Sport Chalet to close its doors indefinitely
DIEGO LUNA | BUSINESS EDITOR | THE USD VISTA | @diegotothemoon
After 57 years in business, the sporting goods franchise Sport Chalet will be closing all stores and will stop online sales.
At their peak, Sport Chalet had more than 50 locations in Southern and Northern California, Arizona, Nevada, and Utah.
Currently, the Sport Chalet chain still has all 47 stores open but has completely stopped the e-commerce segment of their operations. 40 of those stores are in California, mainly in the Southern region, three of which are located in San Diego. The closest locations to USD are in Mission Valley and Point Loma.
Sport Chalet has struggled financially for years. In 2007 Sport Chalet had more than $52 million in debt.
Sport Chalet was purchased in 2014 by a Connecticut company named Vestis Retail Group for $17 million. Vestis Retail Group filed for bankruptcy earlier this month, and they are currently liquidating their stores.
Sport Chalet said it would continue to honor gift cards and loyalty rewards, but an internal memo mentioned that the cutoff date is April 29.
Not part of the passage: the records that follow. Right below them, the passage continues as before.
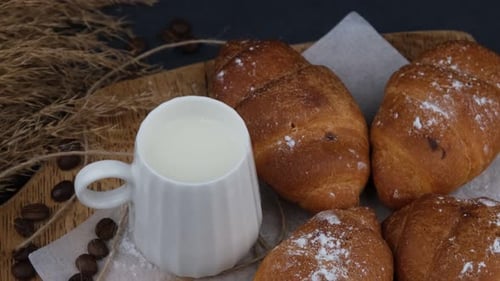 Fresh Croissants and Milk on Wooden Tray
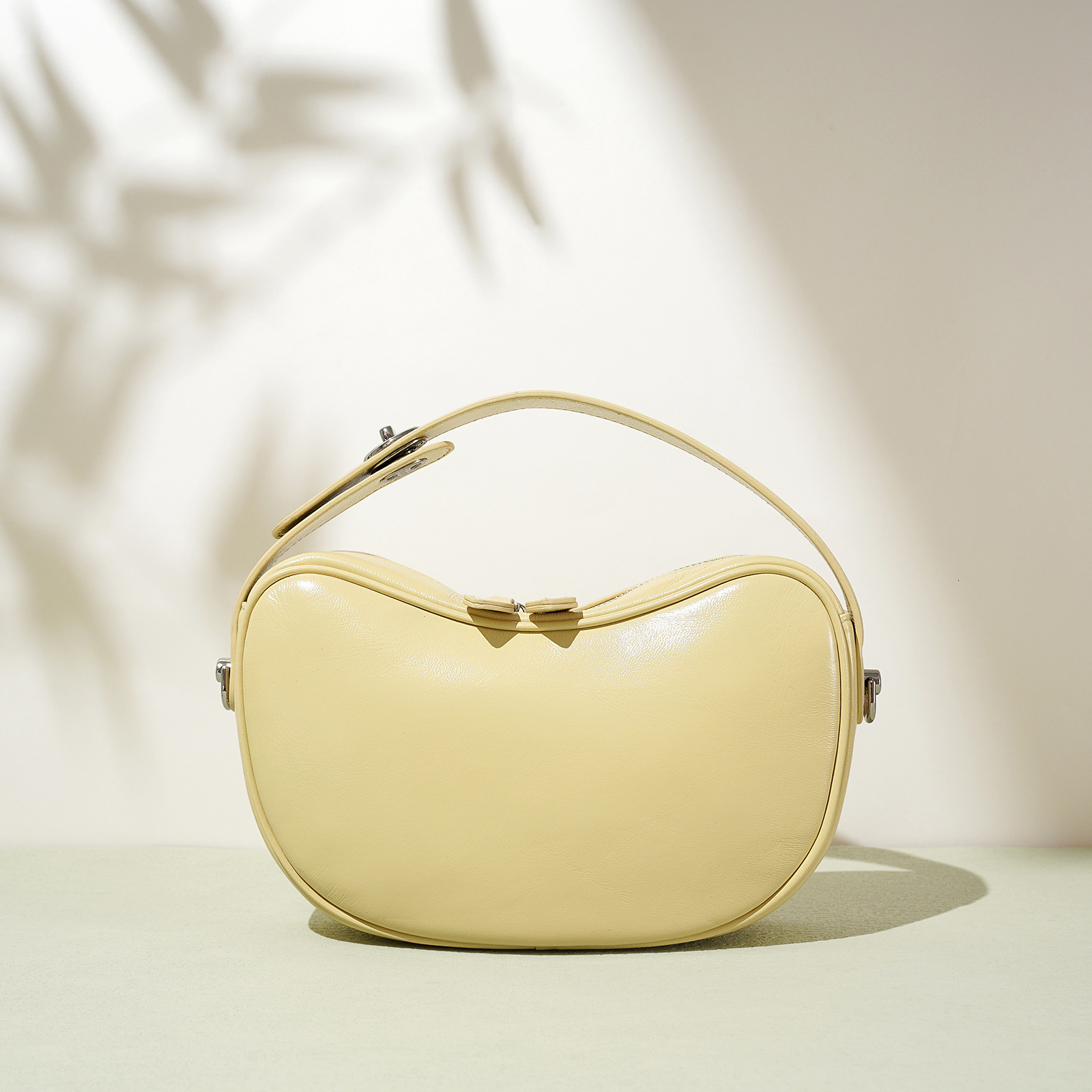 2025S designer pea sheepskin fashionable cashew niche design shoulder temperament high-end mother and child crossbody women bag
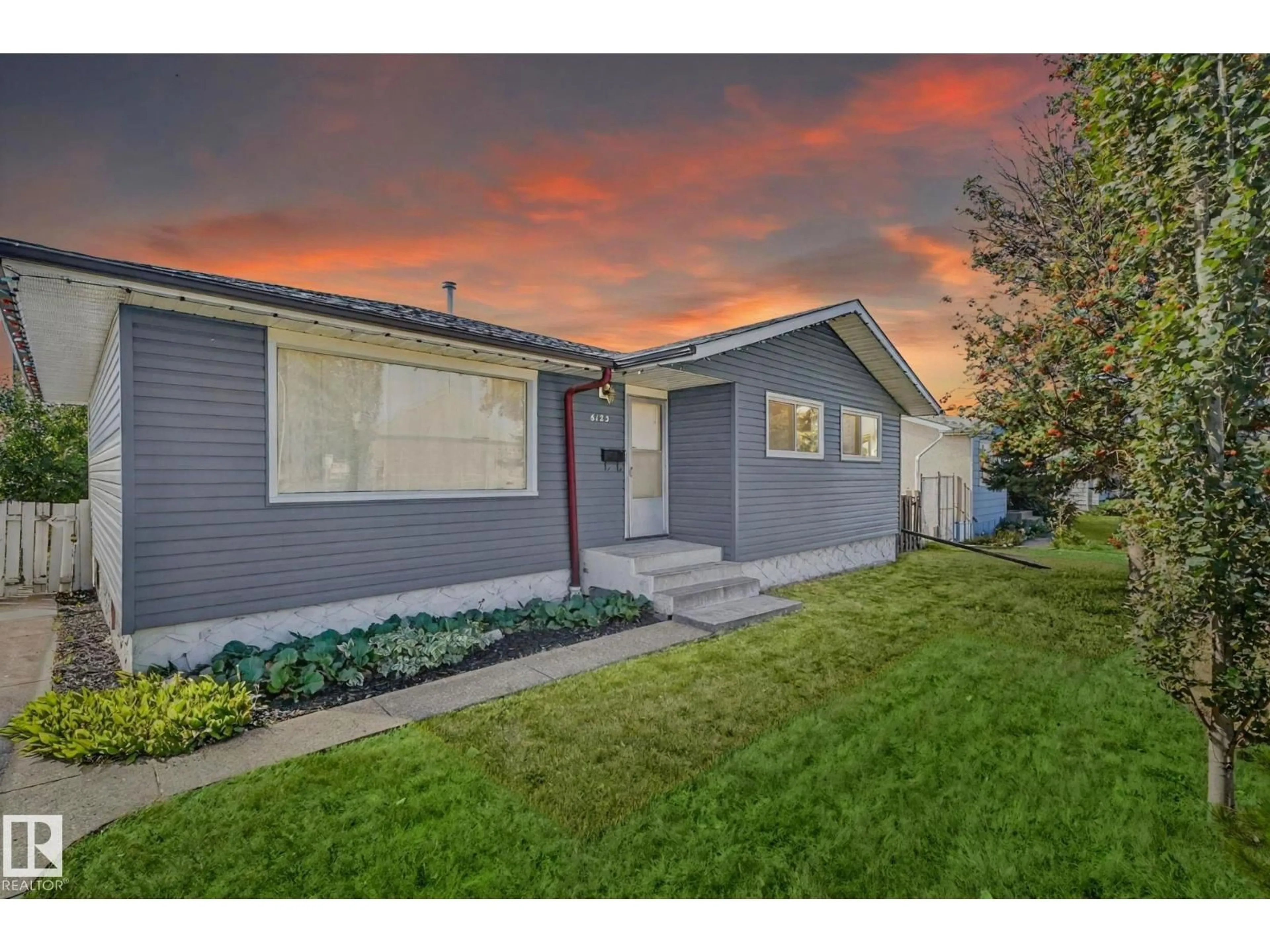 Home with vinyl exterior material, street for 6123 144 AV, Edmonton Alberta T5A1K8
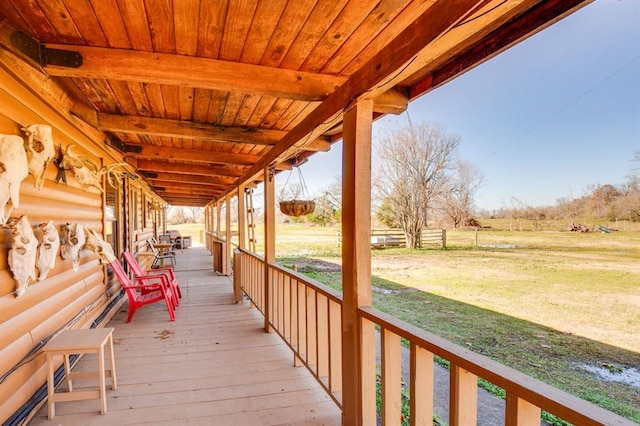 wooden deck featuring a rural view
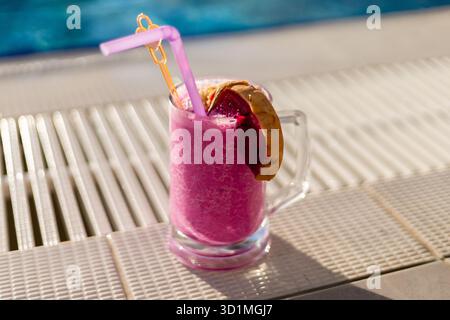 Una vivace bevanda rosa viene servita in un bicchiere trasparente, condita con una fetta di frutta tropicale e una paglia. La luce del sole splende a bordo piscina, creando un Foto Stock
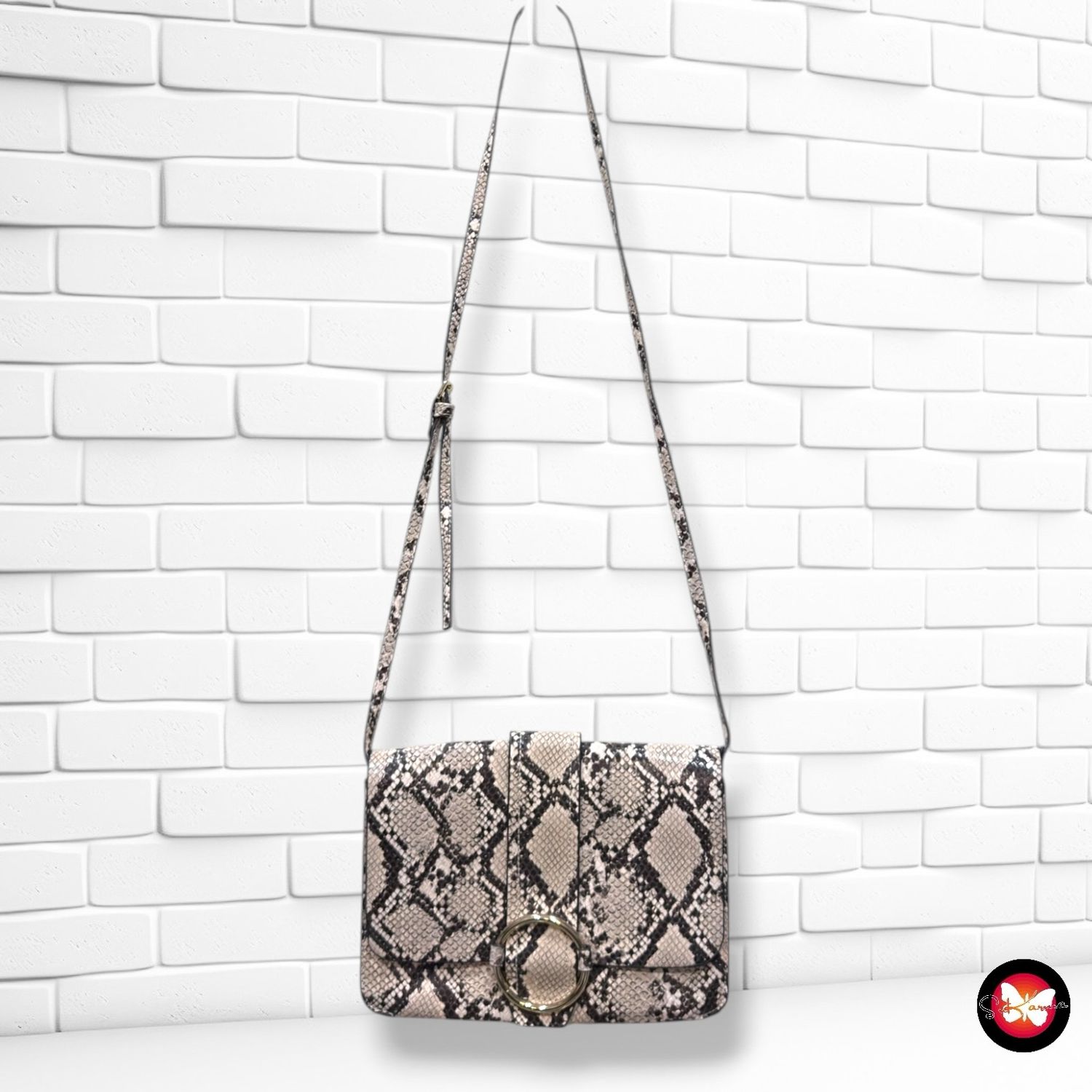 **HOY** Bolso bandolera efecto serpiente  MANGO color Beige y negro Talla PEQUEÑO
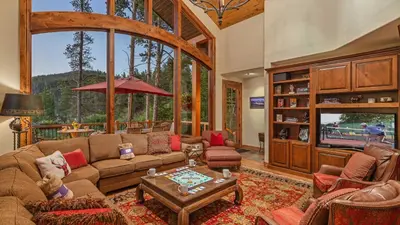 a living room filled with furniture and a large window at Cypress Mountain Chalet in Breckenridge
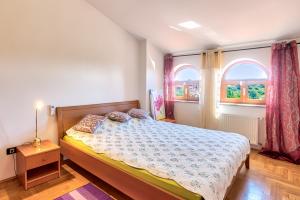um quarto com uma cama e duas janelas em Villa Valentina em Premantura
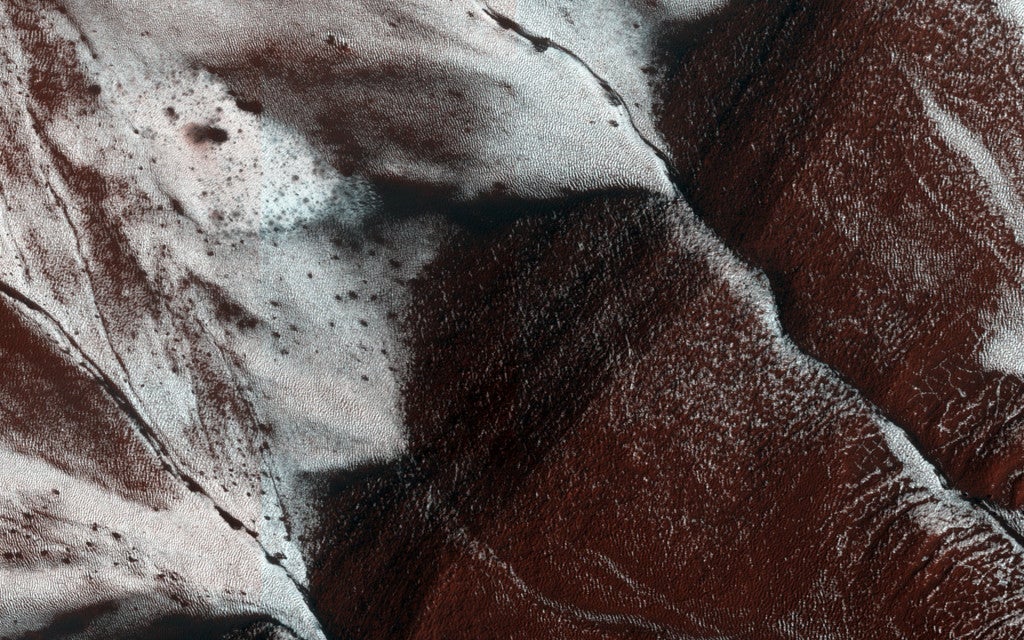 This newly released NASA image shows an area on the surface of Mars (approximately 1.5 by 3 kilometers in size) with frosted gullies on a south-facing slope within a crater. Image credit: NASA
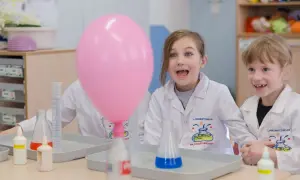 Dzieci w fartuchach laboratoryjnych z ekscytacją obserwują różowy balon podczas eksperymentów chemicznych dla dzieci.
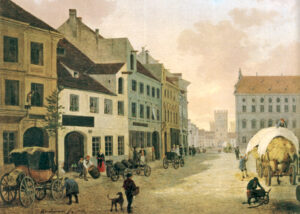 Kleine Anfänge: Die Spatenbrauerei in der Neuhauser Straße in München um 1840 (weißes Gebäude auf der linken Seite), im Hintergrund das Karlstor (Foto: Stadtarchiv München)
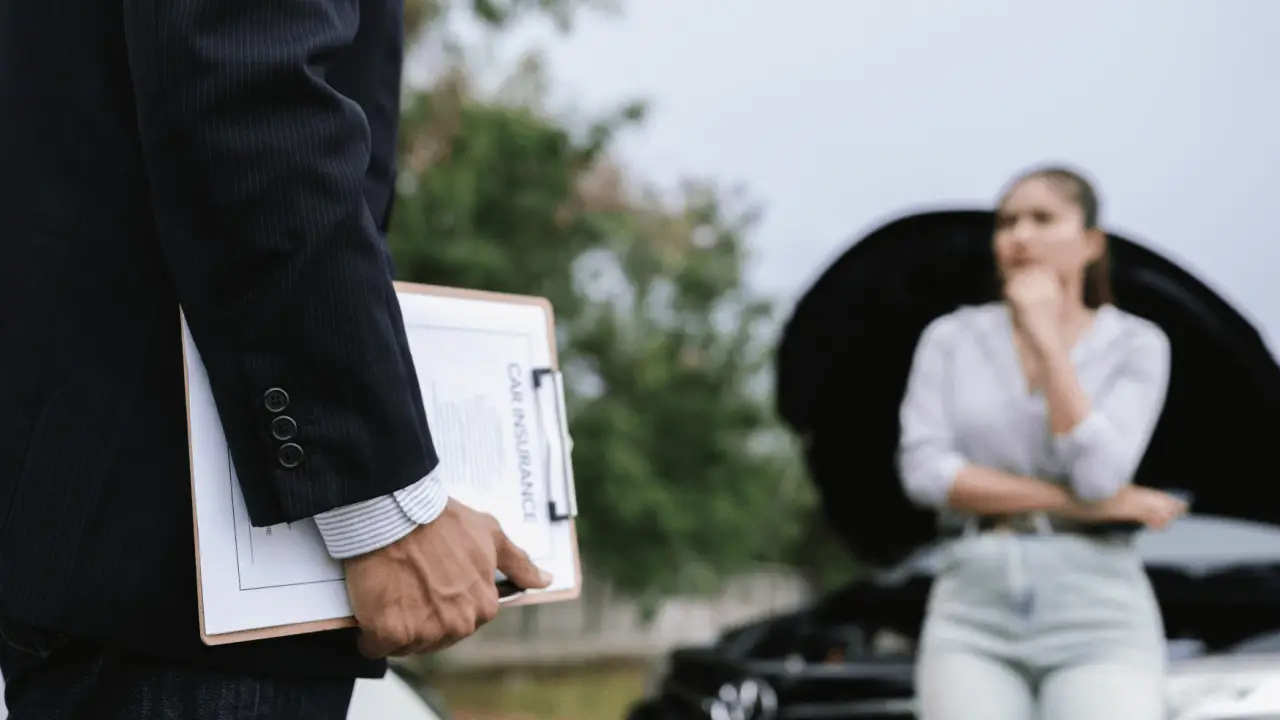 Insurance claim not at fault adjuster holding car insurance clipboard with concerned woman standing near damaged vehicle
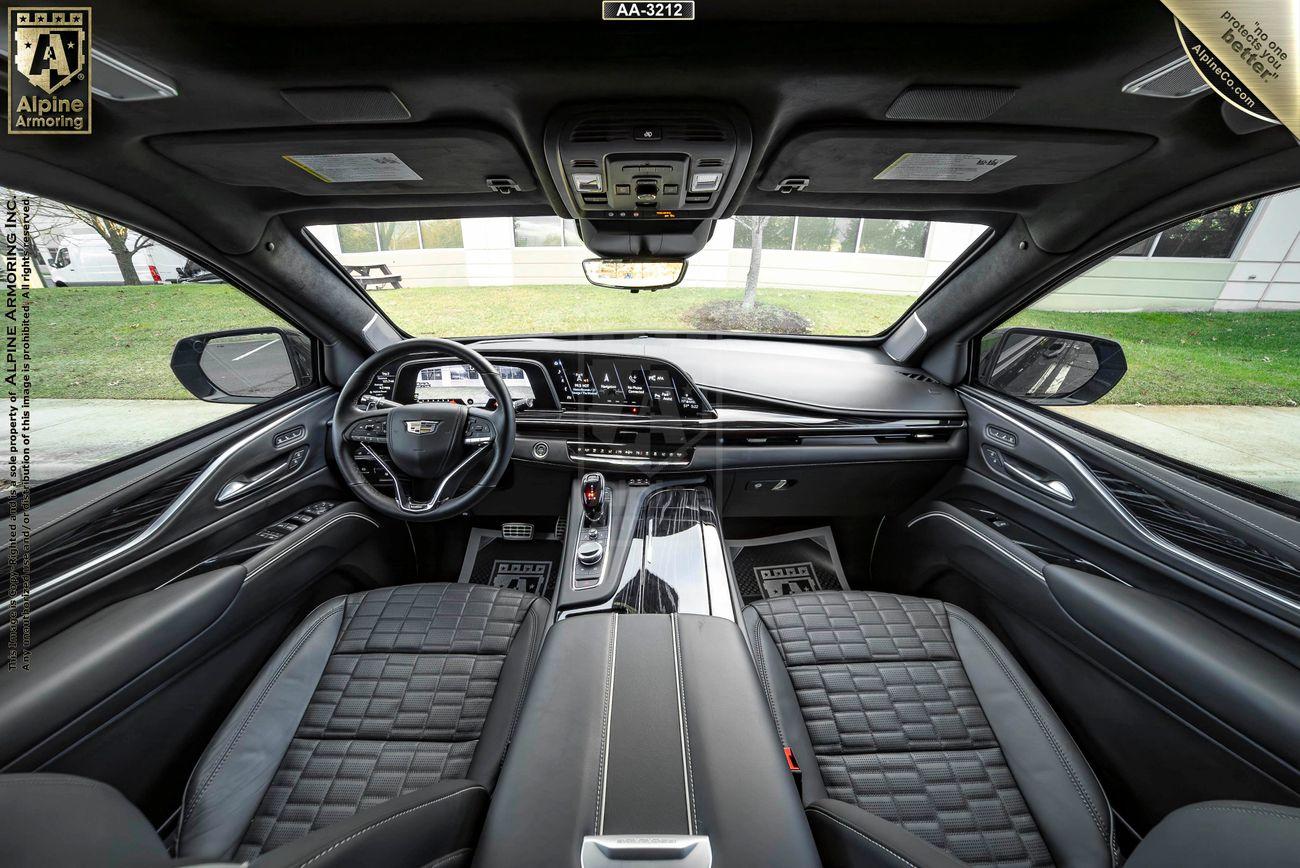 Interior view of an armored Cadillac Escalade ESV SUV  featuring a sleek, modern dashboard, a multi-functional steering wheel, and quilted leather seats.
However, there has been no mention of a closing date for all brick and mortar stores.
Junior McKenna Ledesma discussed the unfortunate news and expressed her concern for all the people involved with Sport Chalet’s termination.
“My dad’s company does the alarms, cameras, and card access for the entire company,” Ledesma said. “This is a super sad situation for everyone involved in this.”
In 2014, the chain employed 1,200 full-time workers and 1,600 part-timers. The current number of their sales force has not been disclosed.
All Sport Chalet stores will remain open for several more weeks. They are offering customers the opportunity to take advantage of sales.
This is not the only sporting goods store to shut its doors this year. In March, Sports Authority filed for chapter 11 bankruptcy. A chapter 11 debtor usually proposes a plan of reorganization to keep its business alive and pay creditors over time.
Some marketing consultants claim that there just are too many places to buy running shoes, baseball gloves, or tennis racquets. Currently, Big 5, Footlocker, Finish Line, and Dick’s Sporting Goods have the majority of the market share, narrowing down the possibilities for smaller players in the industry.
In addition, showrooming may be a contributing factor. Showrooming, a marketing term, is used in consumer behavior to refer to consumers who shop to obtain their product information and then purchase the chosen project online at a lower price.
Junior Max Cardinale was a Sport Chalet customer and discussed how he has always noticed little nuances that might have led to their financial problems.
“Wow, that really sucks,” Cardinale said. “I loved Sport Chalet but I feel like they always had financial problems. Sport Chalet had such huge locations, I wondered how they would pay for rent.”
Retail consultants argue that this is one of the primary reasons sporting stores tend to close. Not many people choose to go to big box retailers when they can go to Amazon or eBay and buy what they need without paying an enormous markup.
Junior Daniel Badaracco did not even know Sport Chalet existed.
“The only time I’ve heard about Sport Chalet is from reading a bumper sticker,” Badaracco said. “It makes sense they would close.”
It could be that Sport Chalet’s inability to dominate other geographic segments caused them to limit their scope of the market. The sporting goods chain is a place many USD students may have grown up with and visited all their lives. However, they may now have to resort to other sporting good stores in San Diego.